As such, direct payments are a valid method by which an LA may discharge its statutory duty under the Care Act 2014. As to the issue of S's capacity to enter into a contract of employment, the Judge agreed with the LA that capacity is a matter for medical evidence and not mere assertion. Even if S had lacked capacity, it would have made the contract voidable, not void, and would not have necessitated an implied contract with the LA. This decision strongly affirms that LAs can effectively discharge their statutory duties under the Care Act 2014 by making direct payments, without automatically becoming the employer of the carers. This case illustrates how courts will seek to determine the identity of the employer in such direct payment arrangements.
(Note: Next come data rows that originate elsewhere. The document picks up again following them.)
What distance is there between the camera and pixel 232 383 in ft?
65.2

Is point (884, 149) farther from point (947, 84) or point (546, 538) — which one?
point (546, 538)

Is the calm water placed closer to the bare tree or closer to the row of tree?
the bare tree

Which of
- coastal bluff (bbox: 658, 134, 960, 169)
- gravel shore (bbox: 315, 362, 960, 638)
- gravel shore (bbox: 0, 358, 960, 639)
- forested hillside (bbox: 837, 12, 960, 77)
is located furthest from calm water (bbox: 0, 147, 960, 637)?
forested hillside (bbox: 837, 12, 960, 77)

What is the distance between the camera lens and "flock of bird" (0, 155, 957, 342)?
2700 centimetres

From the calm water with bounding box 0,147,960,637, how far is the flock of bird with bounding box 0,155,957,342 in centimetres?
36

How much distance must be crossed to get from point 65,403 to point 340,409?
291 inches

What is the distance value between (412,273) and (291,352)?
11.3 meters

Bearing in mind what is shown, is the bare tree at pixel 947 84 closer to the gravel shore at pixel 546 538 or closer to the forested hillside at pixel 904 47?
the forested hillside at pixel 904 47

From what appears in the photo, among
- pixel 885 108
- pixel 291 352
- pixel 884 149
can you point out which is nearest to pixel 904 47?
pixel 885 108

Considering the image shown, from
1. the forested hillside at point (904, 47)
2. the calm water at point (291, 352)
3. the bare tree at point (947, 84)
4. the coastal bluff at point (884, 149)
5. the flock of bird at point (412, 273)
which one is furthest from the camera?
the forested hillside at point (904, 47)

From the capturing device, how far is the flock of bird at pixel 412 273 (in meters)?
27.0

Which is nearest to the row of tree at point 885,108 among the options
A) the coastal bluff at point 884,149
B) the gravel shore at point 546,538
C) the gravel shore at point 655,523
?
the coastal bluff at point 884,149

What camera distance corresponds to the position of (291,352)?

Those employed via such direct payment schemes are unlikely to be able to claim employment status with the LA unless there is compelling evidence that the LA retained significant and direct control over their day-to-day work. This case has far-reaching implications for freelancers and so employers should always seek to clarify whether any direct payments constitute a formal employer-employee relationship to avoid legal pitfalls.